Robert is the Immigration Manager at Oz Migration Solutions. He has been working in the industry for the last 12 years, passionate about immigration and a believer in “Big Australia”.

MARN: 0848586


It’s a wrap for 2019!


It’s been a fun, busy and productive year for Oz Migration Solutions. We have ended the year on a high, and have provided a snapshot of some of our key business achievements for 2019. 

We would also like to take this opportunity to thank everyone - all our corporate clients and visa applicants who supported and assisted our business. We offer our best wishes and happiness to you and your families, as we all look forward to the holiday period and another successful year in 2020. 

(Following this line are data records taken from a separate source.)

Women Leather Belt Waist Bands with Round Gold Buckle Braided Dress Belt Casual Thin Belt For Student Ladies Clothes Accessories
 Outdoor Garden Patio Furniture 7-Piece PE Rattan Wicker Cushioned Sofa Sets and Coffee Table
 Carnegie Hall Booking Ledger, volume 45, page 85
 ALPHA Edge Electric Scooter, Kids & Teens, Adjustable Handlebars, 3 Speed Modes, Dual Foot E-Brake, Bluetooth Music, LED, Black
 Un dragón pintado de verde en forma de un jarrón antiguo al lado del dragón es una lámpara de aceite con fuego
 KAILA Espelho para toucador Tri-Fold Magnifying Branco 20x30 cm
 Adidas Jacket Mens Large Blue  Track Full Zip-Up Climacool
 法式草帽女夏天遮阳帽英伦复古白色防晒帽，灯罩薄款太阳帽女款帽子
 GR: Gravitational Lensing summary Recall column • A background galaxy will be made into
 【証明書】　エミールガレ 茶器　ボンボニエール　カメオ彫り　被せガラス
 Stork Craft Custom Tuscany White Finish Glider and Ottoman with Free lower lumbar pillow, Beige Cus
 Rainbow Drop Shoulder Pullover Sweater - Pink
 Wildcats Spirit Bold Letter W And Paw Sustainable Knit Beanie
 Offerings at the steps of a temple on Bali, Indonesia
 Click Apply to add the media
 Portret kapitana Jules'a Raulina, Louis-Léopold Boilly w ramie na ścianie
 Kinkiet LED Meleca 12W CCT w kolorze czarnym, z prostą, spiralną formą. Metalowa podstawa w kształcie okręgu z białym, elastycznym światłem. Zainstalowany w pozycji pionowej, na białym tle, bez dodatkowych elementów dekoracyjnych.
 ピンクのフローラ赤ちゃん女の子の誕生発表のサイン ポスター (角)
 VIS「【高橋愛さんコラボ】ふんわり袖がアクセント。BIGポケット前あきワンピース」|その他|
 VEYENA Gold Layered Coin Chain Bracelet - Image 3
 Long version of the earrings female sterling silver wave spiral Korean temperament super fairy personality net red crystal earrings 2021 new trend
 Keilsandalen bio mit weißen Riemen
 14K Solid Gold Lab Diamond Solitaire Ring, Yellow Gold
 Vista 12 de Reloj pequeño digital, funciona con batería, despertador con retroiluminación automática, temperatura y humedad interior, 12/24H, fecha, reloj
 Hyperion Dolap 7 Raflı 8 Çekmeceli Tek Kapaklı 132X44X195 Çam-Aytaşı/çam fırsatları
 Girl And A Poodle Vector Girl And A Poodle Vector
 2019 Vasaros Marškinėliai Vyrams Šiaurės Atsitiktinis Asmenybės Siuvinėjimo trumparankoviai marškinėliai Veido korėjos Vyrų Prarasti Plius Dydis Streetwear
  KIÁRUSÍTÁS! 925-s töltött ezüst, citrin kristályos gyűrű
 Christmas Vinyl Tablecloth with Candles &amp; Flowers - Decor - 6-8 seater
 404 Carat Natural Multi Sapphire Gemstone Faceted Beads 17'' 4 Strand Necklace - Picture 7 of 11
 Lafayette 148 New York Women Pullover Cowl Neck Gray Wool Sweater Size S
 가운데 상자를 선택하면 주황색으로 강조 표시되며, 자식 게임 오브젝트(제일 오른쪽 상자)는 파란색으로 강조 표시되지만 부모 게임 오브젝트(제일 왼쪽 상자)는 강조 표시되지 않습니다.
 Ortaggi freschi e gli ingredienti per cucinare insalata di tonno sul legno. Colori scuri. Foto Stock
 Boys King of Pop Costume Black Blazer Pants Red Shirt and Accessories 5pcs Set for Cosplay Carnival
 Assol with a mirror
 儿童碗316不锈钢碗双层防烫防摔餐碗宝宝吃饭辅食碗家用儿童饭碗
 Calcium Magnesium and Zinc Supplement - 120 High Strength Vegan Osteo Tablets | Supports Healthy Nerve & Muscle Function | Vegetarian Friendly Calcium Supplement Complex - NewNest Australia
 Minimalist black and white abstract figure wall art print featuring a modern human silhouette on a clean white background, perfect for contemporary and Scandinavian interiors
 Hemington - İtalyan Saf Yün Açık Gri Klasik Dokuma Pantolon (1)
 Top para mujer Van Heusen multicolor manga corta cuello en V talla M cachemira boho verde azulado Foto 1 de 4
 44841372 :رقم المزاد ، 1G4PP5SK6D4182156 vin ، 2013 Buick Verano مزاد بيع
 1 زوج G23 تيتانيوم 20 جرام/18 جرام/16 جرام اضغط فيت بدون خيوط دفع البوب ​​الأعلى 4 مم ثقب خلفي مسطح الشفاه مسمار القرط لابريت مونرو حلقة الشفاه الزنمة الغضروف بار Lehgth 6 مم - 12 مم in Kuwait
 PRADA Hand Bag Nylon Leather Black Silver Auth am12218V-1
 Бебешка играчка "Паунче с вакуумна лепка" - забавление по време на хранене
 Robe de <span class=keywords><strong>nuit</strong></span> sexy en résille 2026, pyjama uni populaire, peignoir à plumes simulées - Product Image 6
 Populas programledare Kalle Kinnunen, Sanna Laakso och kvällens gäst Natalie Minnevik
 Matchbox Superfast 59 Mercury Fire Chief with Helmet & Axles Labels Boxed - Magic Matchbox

Training & information sessions

As part of Oz Migration's revised business strategy in 2019, we commenced our consultation process, and provided face-to-face training and information sessions to our clients. The feedback from the training sessions, proved to be invaluable which involved reviewing our client’s internal mobility policies to ensure they were compliant, should immigration decide to conduct a random on-the-spot audit. If your business would be interested in this free session, please contact our team in the new year.

Company website

Our long-awaited website upgrade has been finalised, and we will be launching the site in early 2020. The website has been designed to be “user friendly" and "easy to read”, whilst reinstating our core corporate values and extensive list of migration services.

Newsletter

Oz Migration also launched their official e-Newsletter in 2019 which provided insights into developments with immigration and general discussions towards topics of interest. If you could like to subscribe to our newsletters, please do not hesitate to contact our team at info@ozmigration.net.au

Customer satisfaction surveys

Under our new business model, we also commenced tracking and monitoring feedback from all our clients. Our customer satisfaction surveys which was initiated in 2019, involved obtaining feedback from all visa applicants using our services. We are glad to advise that the program has been a huge success with 91% of respondents scoring our services a 10 out of 10. We are also reviewing the constructive feedback provided by our clients, to assess whether they can be implemented in the new year. 

Business growth

Business growth is always a key driver in any business, however at Oz Migration, we have primarily focused on values & customer service, as word of mouth has proven to be Oz Migration’s main source of referrals. We are pleased to announce that the financials for 2019 have been the highest on record, which is a testament to the team with their level of care and respect given to each application. We look forward to expanding our networks, and further improving our service offerings in 2020.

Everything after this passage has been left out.